Posted by The Fauske Team on 02.28.17

By: Tim Cullina, MS. PE, Senior Safety and Environmental Consulting Engineer, Fauske & Associates, LLC
& Ursula Malczewski, Chemical Engineer, Fauske & Associates, LLC

Combustible dust is present across virtually all industries; sometimes as a raw material or final product, other times as an undesired waste. Near misses, fires, and explosions happen every day. Fauske & Associates, LLC has been in the chemical process safety industry for over 36 years; needless to say, we’ve seen a lot: the good, the bad, and the disastrous. A lack of attention to leading safety indicators can result in critical oversights that can precede an incident. Three crucial errors a facility can make regarding dust and their corresponding solutions are summarized in Figure 1 and explained in detail below. 

                                                                                                  Figure 1 – Summary Three Critical Combustible Dust Errors 
                                                                                                                                    and their Corresponding Solutions
UMTC Figure 1.png
1. Unaware of the Hazard 

The first sign of a looming dust fire or explosion is simply not being aware of the hazard. Part of this problem is with the naming convention. Dust can mean anything from powder to particulate solids, and it can be a hazard inside as well as outside of the equipment handling it. Wherever a combustible material is processed, smaller, more hazardous particles can be generated. Some materials, such as certain metals, may not be combustible in large sizes but when reduced to fine particulate produce hazardous characteristics.

NFPA 652 puts responsibility on the owner/operator of a facility with potentially combustible  dusts to determine whether the materials are combustible or explosible. The absence of previous incidents is not allowed to be used as the basis for deeming a particulate to not be combustible or explosible. If a dust is deemed noncombustible, documentation must be kept indicating so and needs to be re-evaluated when changes to the process occur. Changes that should trigger dust hazard considerations include, but are not limited to, change in raw material (i.e. composition, supplier, particle size), new operating conditions, changes in handling equipment, etc. Evaluations should occur in order to determine how these changes impact the safety measures within the process.

In the past, some clients have contacted us only after an incident or after OSHA inspected their facility. There has been a shift now that the new NFPA 652 standard and NFPA 654 revision have been published. Companies are being proactive by conducting dust hazard analyses (DHAs) to identify and manage the flammable and/or explosive dust hazards in their facility. These updated standards require owner/operators to conduct DHAs on their processes in the next few years.

2. Underestimate the Hazard

The second marker for an imminent dust incident is underestimating the hazard. There are many ways we see facilities and personnel underestimate the hazards associated with combustible particulate. The most common mistake is assuming that a low KSt means that there is no hazard. As a matter of fact, most of the combustible  dust incident case studies investigated by the Chemical Safety Board (CSB) involved St Class 1 (KSt < 200 bar-m/sec) material (Table 1). OSHA National Emphasis Program on Combustible  Dusts identifies St Class 1 materials as capable of producing a “weak explosion” but as evidenced by the aftermath of these events, the results can be devastating. [1], [2]

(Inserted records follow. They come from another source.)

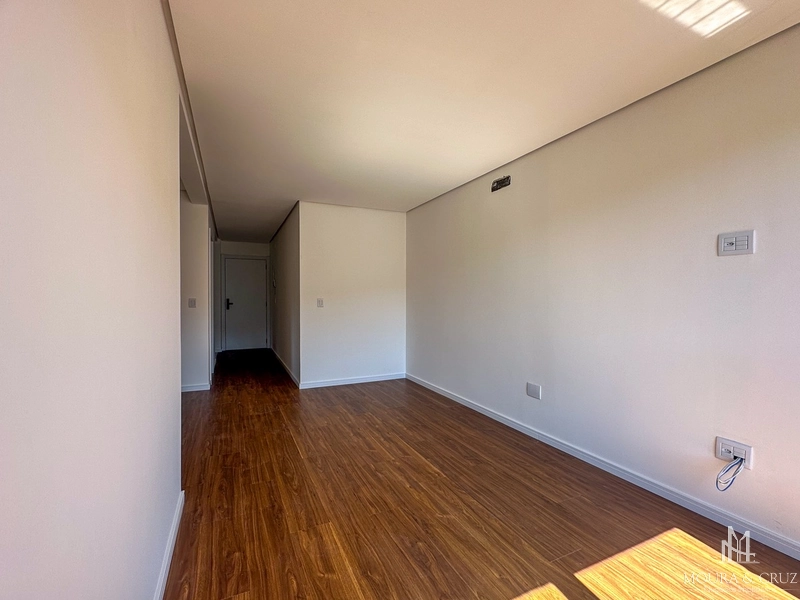 Apartamento 1 quarto em Gramado: 6ª foto da galeria de imagens do imóvel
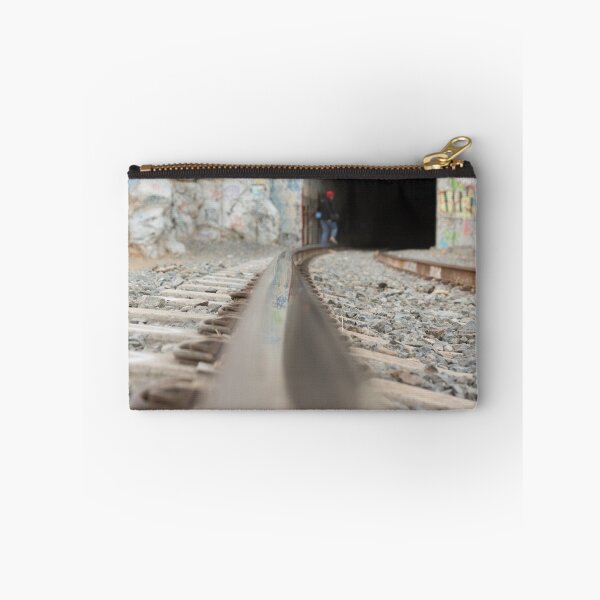 Item preview, Down Low Track designed and sold by Denice Breaux.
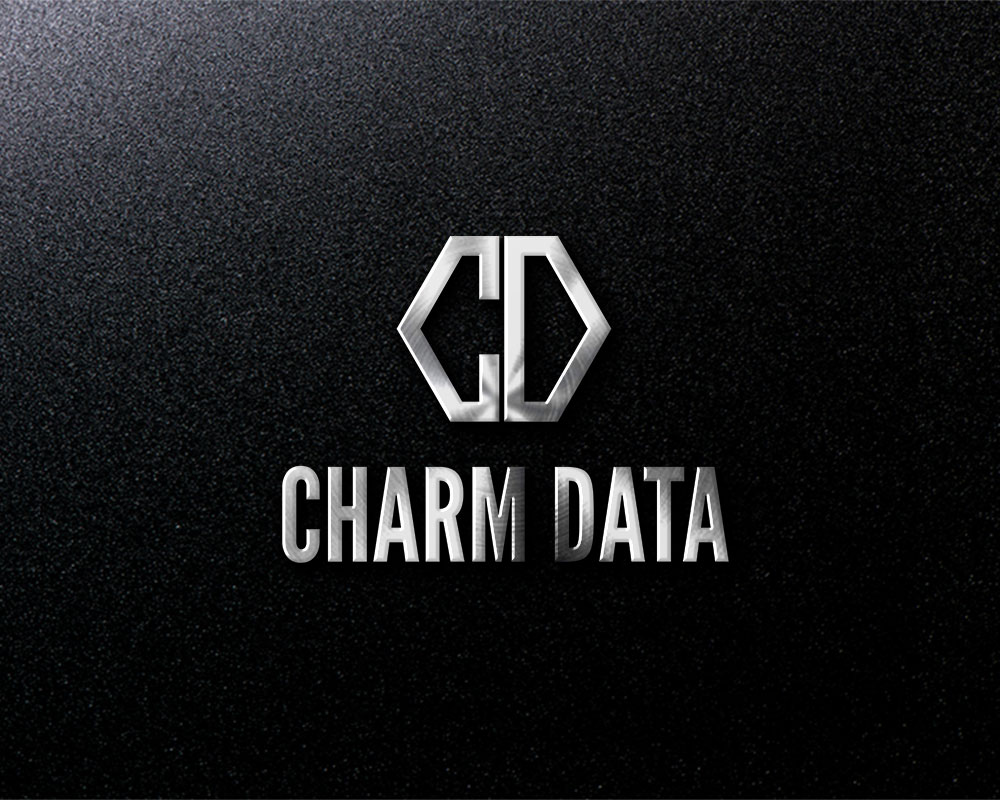 Logo Design by Hossen 2 for this project | Design #17641097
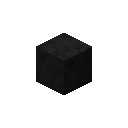 开放式方块（OpenBlocks）-虚空漏斗.png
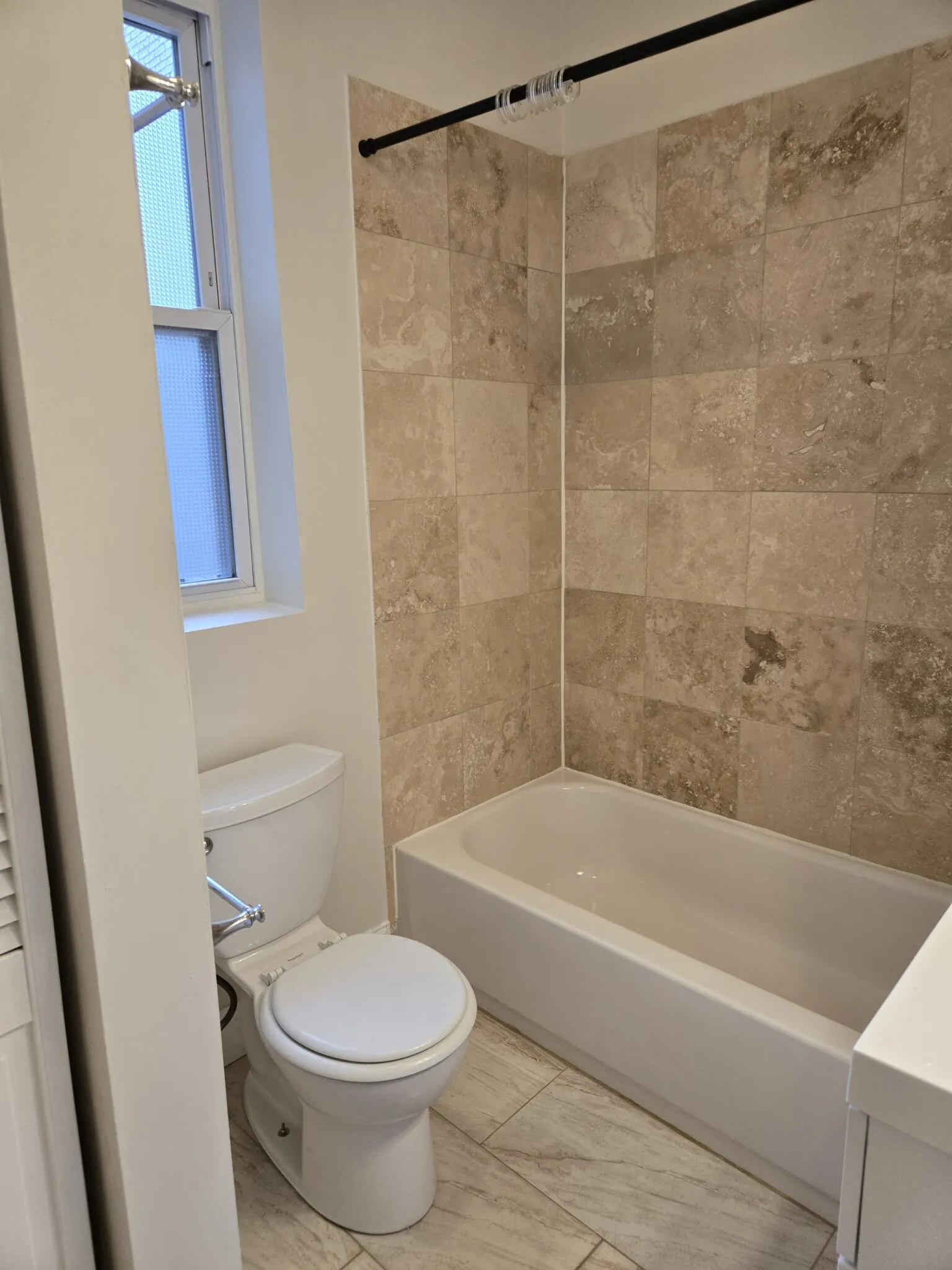 1193 Commonwealth Ave, Allston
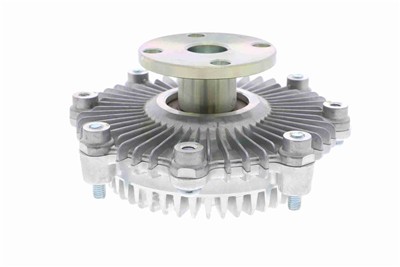 VEMO V95-04-1001 EAN: 4046001282041.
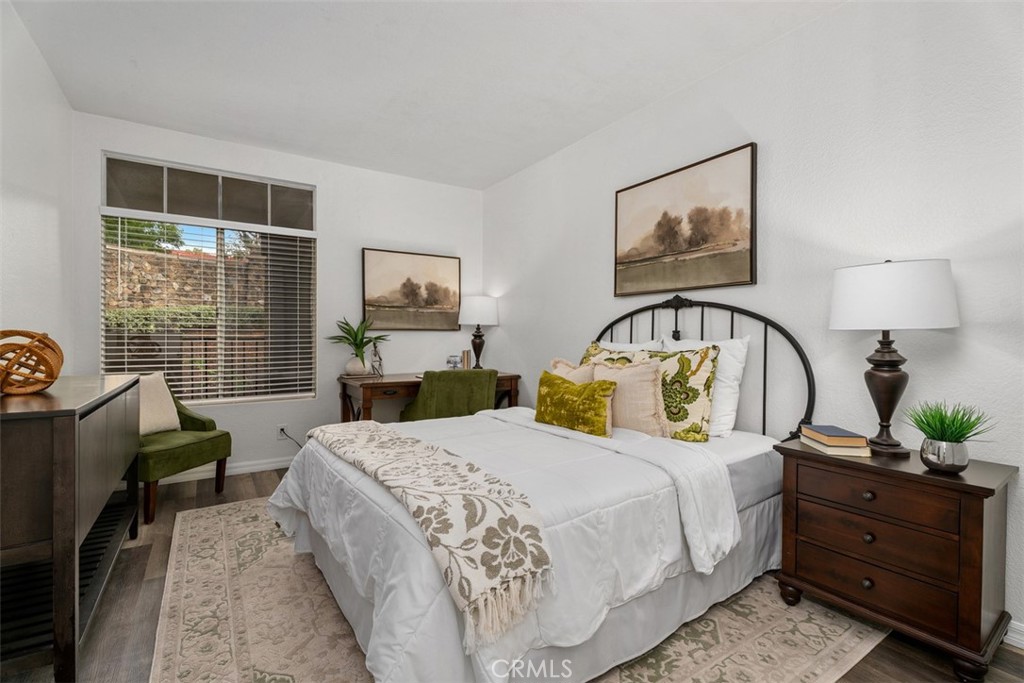 9 Cinnamon Teal Property Photo 11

Table 1 – Summary of Completed CSB Case Studies Involving Combustible  Dust [1]
UMTC Table 1 rev.png

The KSt value is the normalized rate of pressure rise; a measure of the relative explosion severity compared to other dusts. The only non-exploding value of KSt is 0 bar-m/sec. That being said, explosions aren’t the only combustible hazard that can cause property damage and death. Fires and flash fires claim lives and cause equipment and facility damage and may be under reported depending on their severity. Other important characteristics to determine the material hazards are described in Table 2.

Data from sources such as literature may help you identify if you have a combustible material but should not be used to design mitigation or prevention efforts in your facility. This is because different particle size ranges of the same material can have different ignitability and explosibility characteristics, depending upon many variables such as particle size distribution, shape, and moisture content. Additionally, these variables can change while the material is passing through process equipment. For this reason, published tables of dust explosibility data may be of limited practical value.

To add to the confusion, testing done by OSHA’s laboratory will identify if your material is combustible, however, it does not follow the methodology needed to produce values that can be used for design. Despite the fact that OSHA warns against it, these values have been used by people without clear understanding of their purpose. Therefore, having representative data from your specific process is key to properly addressing the hazards in your facility.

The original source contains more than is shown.